Stored dataset items:

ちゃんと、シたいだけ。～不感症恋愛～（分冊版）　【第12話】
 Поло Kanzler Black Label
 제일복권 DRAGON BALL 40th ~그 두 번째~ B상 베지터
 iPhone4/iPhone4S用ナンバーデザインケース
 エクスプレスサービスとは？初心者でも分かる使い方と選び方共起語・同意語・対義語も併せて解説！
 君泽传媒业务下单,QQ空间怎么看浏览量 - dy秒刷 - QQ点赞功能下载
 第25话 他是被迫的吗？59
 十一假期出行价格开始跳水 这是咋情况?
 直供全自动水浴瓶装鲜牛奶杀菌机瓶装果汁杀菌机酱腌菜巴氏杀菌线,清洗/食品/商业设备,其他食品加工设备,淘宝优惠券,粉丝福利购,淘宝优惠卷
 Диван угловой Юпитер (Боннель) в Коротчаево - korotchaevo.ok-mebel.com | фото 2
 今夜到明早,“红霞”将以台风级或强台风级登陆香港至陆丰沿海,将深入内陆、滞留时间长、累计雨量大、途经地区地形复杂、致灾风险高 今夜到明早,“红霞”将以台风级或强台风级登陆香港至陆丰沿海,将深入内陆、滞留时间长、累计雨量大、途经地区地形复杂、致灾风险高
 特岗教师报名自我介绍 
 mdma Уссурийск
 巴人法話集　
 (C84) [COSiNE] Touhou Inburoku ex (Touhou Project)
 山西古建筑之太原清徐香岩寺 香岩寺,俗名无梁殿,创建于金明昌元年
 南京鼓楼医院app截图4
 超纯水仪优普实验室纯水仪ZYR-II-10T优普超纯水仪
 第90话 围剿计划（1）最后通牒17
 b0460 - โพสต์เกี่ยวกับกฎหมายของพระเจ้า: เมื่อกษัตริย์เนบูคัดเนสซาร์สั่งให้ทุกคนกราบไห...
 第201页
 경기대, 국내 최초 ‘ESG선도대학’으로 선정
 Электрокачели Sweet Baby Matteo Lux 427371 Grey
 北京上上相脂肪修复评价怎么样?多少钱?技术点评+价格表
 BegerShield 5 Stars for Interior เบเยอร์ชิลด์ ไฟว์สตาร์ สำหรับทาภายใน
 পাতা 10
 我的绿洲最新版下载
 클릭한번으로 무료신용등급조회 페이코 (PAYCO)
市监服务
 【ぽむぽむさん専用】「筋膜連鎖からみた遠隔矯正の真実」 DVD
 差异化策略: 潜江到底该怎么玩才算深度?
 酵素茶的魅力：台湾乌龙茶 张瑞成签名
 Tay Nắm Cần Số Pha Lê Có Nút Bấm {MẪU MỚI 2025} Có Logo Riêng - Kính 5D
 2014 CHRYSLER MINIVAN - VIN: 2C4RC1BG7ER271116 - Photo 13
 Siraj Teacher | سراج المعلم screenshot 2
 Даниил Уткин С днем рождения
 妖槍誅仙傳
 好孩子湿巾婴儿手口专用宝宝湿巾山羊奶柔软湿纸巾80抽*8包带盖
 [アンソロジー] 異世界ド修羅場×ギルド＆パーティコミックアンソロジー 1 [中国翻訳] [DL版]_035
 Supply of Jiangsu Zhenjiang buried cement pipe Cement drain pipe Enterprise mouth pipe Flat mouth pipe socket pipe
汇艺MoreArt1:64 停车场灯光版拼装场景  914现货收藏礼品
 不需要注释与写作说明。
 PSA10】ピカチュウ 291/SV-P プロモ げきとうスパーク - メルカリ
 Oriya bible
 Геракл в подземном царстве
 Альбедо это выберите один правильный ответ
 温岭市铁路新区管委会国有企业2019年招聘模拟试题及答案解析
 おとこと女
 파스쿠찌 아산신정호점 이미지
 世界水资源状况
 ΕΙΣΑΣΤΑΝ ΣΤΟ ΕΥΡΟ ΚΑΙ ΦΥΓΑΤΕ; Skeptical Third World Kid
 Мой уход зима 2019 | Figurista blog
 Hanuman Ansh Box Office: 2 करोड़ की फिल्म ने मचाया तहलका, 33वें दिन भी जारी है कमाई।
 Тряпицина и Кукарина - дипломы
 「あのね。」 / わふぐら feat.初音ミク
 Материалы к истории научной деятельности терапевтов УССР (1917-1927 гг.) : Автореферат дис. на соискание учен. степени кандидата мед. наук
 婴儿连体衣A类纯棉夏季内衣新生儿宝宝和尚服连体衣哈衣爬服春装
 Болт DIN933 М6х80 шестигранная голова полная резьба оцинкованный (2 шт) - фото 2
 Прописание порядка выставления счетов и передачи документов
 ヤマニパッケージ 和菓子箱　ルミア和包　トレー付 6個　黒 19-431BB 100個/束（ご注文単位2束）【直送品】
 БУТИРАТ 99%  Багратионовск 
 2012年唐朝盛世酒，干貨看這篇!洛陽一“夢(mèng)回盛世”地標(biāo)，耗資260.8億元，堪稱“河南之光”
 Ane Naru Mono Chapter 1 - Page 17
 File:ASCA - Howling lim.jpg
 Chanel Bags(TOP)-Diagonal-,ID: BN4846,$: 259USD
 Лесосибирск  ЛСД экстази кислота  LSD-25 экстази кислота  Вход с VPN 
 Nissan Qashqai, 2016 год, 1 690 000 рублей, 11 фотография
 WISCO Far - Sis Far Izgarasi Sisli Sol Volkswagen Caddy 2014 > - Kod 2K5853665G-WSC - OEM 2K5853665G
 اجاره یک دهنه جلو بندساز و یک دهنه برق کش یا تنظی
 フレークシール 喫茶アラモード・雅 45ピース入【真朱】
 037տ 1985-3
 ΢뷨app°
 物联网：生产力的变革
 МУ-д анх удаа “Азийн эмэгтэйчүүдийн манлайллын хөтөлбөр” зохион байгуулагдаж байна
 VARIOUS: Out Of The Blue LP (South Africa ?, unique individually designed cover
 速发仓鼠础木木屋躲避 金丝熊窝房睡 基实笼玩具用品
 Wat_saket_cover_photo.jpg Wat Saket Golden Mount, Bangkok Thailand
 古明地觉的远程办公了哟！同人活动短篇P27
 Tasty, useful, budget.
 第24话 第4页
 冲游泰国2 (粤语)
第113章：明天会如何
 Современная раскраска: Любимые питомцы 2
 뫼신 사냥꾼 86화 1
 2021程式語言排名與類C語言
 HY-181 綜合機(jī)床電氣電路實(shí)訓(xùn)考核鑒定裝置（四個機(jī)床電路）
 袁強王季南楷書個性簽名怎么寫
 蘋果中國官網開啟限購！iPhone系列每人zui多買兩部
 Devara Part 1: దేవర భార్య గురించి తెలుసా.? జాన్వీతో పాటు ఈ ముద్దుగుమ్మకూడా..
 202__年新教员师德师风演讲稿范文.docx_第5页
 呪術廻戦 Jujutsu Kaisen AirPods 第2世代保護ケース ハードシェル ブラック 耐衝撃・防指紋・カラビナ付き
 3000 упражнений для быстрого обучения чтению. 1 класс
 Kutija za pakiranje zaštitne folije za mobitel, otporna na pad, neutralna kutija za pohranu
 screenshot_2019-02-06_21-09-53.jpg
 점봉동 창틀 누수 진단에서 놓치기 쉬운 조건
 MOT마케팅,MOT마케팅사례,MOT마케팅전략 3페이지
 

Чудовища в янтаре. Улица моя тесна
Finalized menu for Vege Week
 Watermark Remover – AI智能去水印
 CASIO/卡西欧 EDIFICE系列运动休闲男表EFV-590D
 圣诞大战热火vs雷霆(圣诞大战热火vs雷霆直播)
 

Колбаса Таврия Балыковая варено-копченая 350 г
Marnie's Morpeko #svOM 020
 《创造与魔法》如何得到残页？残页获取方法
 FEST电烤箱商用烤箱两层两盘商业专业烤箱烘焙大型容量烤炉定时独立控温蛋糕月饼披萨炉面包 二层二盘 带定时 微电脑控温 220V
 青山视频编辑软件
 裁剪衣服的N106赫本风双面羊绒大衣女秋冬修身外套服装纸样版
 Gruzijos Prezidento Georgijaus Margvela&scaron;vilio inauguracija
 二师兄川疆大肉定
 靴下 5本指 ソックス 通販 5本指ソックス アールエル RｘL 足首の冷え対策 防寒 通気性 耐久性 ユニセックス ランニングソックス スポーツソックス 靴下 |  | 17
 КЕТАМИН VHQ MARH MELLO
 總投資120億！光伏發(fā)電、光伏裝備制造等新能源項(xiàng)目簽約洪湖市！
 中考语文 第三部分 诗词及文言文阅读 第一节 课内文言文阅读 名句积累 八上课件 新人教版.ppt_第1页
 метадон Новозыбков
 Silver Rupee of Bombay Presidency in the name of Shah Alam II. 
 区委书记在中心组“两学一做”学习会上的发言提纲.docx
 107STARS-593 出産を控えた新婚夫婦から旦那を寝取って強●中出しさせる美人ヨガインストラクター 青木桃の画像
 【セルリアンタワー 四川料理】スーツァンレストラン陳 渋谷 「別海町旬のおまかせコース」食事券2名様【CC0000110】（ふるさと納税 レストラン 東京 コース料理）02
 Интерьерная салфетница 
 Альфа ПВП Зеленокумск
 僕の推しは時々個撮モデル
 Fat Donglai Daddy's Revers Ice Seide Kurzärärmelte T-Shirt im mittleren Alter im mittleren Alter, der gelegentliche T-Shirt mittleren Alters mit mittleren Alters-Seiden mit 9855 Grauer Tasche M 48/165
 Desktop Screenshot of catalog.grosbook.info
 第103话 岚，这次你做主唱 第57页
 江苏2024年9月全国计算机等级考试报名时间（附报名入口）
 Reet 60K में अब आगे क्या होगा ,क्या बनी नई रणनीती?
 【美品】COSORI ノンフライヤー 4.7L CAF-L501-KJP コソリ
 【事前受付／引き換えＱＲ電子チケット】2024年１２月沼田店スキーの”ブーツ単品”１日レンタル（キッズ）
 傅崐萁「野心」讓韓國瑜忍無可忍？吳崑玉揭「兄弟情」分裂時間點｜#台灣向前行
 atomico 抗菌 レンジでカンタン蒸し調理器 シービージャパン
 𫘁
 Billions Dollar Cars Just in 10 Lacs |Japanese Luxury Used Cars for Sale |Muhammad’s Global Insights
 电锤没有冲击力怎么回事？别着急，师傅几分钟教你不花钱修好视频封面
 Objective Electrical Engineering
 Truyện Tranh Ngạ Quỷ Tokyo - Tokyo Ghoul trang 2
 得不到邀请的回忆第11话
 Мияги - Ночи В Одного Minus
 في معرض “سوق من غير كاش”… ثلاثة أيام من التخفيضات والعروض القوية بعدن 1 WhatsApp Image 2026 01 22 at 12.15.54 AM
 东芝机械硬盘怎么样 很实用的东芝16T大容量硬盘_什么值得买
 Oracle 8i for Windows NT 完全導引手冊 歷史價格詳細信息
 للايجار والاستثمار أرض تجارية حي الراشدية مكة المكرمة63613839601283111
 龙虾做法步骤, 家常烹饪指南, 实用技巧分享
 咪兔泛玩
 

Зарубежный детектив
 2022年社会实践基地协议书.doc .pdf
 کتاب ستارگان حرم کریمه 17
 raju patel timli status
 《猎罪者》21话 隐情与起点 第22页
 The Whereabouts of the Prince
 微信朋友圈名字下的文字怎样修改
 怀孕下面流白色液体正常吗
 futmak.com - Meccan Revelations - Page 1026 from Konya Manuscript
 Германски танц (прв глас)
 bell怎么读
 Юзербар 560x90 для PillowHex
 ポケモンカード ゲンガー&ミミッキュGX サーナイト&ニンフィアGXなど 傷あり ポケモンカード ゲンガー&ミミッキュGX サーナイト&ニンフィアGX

# What is needed:
Given the data above, transcribe exactly the lines from the one containing "202__年新教员师德师风演讲稿范文.docx_第5页" down to the one containing "метадон Новозыбков", and no others.

# Solution to this task:
 202__年新教员师德师风演讲稿范文.docx_第5页
 呪術廻戦 Jujutsu Kaisen AirPods 第2世代保護ケース ハードシェル ブラック 耐衝撃・防指紋・カラビナ付き
 3000 упражнений для быстрого обучения чтению. 1 класс
 Kutija za pakiranje zaštitne folije za mobitel, otporna na pad, neutralna kutija za pohranu
 screenshot_2019-02-06_21-09-53.jpg
 점봉동 창틀 누수 진단에서 놓치기 쉬운 조건
 MOT마케팅,MOT마케팅사례,MOT마케팅전략 3페이지
 

Чудовища в янтаре. Улица моя тесна
Finalized menu for Vege Week
 Watermark Remover – AI智能去水印
 CASIO/卡西欧 EDIFICE系列运动休闲男表EFV-590D
 圣诞大战热火vs雷霆(圣诞大战热火vs雷霆直播)
 

Колбаса Таврия Балыковая варено-копченая 350 г
Marnie's Morpeko #svOM 020
 《创造与魔法》如何得到残页？残页获取方法
 FEST电烤箱商用烤箱两层两盘商业专业烤箱烘焙大型容量烤炉定时独立控温蛋糕月饼披萨炉面包 二层二盘 带定时 微电脑控温 220V
 青山视频编辑软件
 裁剪衣服的N106赫本风双面羊绒大衣女秋冬修身外套服装纸样版
 Gruzijos Prezidento Georgijaus Margvela&scaron;vilio inauguracija
 二师兄川疆大肉定
 靴下 5本指 ソックス 通販 5本指ソックス アールエル RｘL 足首の冷え対策 防寒 通気性 耐久性 ユニセックス ランニングソックス スポーツソックス 靴下 |  | 17
 КЕТАМИН VHQ MARH MELLO
 總投資120億！光伏發(fā)電、光伏裝備制造等新能源項(xiàng)目簽約洪湖市！
 中考语文 第三部分 诗词及文言文阅读 第一节 课内文言文阅读 名句积累 八上课件 新人教版.ppt_第1页
 метадон Новозыбков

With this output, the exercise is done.